Joseph: Jesus’ first Papa.

And he’s also Jesus’ model when he’s looking for language to teach us about God.

References to the divine as father are old and span religious traditions. Jesus didn’t invent the idea. But he was, it seems, the first – at least in the Jewish context – to make “father” such an intimate and personal title for God.

This is not “the Father of all of creation” so much as it is “my father.” Jesus, raised by Joseph, the compassionate, merciful, faithful, deeply loving man, knows God as “Abba,” “daddy,” “papa.” And like a loving human papa, God is still in the business of establishing rules, placing guidelines, offering corrections, setting boundaries, but is also loving and playful and forgiving and just and merciful.
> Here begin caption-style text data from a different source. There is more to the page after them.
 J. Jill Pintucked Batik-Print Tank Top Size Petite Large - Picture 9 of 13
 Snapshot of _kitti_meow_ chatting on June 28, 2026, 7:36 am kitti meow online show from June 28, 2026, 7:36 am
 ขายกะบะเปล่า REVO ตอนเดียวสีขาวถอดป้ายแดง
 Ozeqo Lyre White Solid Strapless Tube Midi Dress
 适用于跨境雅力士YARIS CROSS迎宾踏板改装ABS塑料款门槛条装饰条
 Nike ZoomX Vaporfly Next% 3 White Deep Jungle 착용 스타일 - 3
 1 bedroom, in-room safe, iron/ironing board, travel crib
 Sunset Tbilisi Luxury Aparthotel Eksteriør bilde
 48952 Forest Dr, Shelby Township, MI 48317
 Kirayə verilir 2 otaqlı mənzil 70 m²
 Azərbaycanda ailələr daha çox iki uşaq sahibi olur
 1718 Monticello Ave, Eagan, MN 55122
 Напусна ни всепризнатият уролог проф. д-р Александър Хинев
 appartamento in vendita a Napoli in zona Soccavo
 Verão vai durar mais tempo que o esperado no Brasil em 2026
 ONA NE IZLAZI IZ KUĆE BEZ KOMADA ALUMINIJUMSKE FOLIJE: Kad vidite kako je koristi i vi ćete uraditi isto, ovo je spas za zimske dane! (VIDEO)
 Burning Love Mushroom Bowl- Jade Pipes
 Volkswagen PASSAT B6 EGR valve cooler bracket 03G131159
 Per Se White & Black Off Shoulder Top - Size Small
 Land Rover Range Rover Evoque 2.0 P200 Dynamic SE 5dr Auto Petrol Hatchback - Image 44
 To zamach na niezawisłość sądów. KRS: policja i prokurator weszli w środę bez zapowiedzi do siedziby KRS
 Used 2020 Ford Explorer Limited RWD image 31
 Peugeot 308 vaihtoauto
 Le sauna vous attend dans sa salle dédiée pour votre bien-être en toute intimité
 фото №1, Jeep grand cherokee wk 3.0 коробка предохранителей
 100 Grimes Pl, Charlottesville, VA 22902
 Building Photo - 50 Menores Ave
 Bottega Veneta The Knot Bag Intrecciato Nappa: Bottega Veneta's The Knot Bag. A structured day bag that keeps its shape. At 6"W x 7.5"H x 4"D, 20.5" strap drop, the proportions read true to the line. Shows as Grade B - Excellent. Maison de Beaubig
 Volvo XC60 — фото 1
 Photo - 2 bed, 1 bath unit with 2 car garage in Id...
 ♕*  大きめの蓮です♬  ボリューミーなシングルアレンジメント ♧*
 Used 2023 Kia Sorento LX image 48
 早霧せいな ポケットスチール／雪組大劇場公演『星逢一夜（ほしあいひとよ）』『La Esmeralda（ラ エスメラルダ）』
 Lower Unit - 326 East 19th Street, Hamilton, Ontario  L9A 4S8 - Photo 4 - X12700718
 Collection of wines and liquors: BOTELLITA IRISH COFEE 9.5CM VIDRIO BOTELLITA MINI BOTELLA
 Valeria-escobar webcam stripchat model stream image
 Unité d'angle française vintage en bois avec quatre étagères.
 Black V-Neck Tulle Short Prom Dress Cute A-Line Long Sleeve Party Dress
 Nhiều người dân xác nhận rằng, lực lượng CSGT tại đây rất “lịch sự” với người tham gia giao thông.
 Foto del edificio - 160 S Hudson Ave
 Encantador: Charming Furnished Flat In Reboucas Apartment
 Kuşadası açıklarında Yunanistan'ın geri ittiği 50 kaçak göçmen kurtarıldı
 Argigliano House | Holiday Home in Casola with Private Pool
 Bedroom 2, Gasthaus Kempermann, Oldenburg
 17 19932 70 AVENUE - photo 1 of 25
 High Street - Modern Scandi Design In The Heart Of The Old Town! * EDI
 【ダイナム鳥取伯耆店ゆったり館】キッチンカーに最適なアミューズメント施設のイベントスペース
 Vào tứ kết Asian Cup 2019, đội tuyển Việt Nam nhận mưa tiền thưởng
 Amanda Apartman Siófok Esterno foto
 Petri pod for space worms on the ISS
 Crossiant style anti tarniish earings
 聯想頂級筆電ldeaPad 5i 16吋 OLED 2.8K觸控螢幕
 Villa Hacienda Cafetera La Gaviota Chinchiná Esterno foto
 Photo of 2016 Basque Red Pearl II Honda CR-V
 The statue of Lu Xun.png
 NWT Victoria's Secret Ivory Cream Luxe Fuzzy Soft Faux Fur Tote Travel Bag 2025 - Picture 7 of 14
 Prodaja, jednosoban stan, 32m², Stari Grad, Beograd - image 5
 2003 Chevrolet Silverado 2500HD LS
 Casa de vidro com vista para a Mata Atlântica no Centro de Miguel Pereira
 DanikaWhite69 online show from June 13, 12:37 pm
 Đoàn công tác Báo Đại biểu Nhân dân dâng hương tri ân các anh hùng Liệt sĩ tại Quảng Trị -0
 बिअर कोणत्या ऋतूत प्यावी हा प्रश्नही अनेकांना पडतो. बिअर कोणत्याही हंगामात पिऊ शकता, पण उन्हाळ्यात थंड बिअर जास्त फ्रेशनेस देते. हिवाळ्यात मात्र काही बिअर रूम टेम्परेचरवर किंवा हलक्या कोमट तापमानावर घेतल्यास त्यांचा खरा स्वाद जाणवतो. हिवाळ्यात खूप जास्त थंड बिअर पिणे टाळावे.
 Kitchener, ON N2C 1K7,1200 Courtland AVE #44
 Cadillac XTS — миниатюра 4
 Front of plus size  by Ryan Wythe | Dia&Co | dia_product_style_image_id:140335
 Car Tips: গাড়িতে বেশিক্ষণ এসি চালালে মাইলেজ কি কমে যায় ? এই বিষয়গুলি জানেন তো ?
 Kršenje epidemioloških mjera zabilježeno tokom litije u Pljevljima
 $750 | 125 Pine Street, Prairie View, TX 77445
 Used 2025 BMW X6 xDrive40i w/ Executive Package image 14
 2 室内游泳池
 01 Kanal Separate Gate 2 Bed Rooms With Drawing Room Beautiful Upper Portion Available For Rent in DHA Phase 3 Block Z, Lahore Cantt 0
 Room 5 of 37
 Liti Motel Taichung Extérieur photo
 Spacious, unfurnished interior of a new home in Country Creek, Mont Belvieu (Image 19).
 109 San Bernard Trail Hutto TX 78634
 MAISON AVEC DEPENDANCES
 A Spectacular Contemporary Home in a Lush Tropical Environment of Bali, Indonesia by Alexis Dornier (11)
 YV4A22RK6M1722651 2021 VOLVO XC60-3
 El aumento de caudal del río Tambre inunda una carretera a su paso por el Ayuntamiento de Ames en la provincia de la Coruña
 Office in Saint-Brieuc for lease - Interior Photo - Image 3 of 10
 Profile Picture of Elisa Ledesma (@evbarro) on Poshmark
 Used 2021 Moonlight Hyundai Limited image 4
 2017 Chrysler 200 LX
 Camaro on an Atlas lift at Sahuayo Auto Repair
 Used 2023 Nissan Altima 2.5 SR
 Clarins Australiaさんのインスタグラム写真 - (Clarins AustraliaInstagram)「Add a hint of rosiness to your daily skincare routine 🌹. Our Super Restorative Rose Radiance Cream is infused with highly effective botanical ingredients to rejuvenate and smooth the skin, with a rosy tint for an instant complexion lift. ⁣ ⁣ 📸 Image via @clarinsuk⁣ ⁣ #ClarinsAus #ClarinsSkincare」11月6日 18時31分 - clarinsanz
God is like a man who showed mercy to his wife and who showed compassion to her in hard circumstances.

God is like a man who fell in love with a tiny baby and raised him as his own.

God is like a man who would risk his own safety in order to keep his loved ones safe.

God is like a man who tenderly sings to a newborn, knowing that the road ahead would be hard but singing him to sleep for now.


And we…? Who are we like?

On this final Sunday of Advent, we consider the people we’ve walked with over the last many weeks.

Are you like Zechariah – uncertain but full of joy at the thought that God’s promises are about to be fulfilled?

Are you like John the Baptist – desperately wanting to be close to God – and wanting others to be there with you?

Are you like Elizabeth – crying out with amazement when you recognize God in our midst?

Are you like Mary – saying yes to the unknown, trusting that God is at work all around and within us?

Or are you like Joseph – humbly working and serving, loving fiercely and faithfully, taking a quiet but critical role in the divine drama happening among us?

Whoever you are, trust this: you are exactly who God needs in this time and in this place.

Thanks be to God.

[1] Information for this section is from Adam Hamilton, The Journey. pp 39-42. Some sentences are verbatim.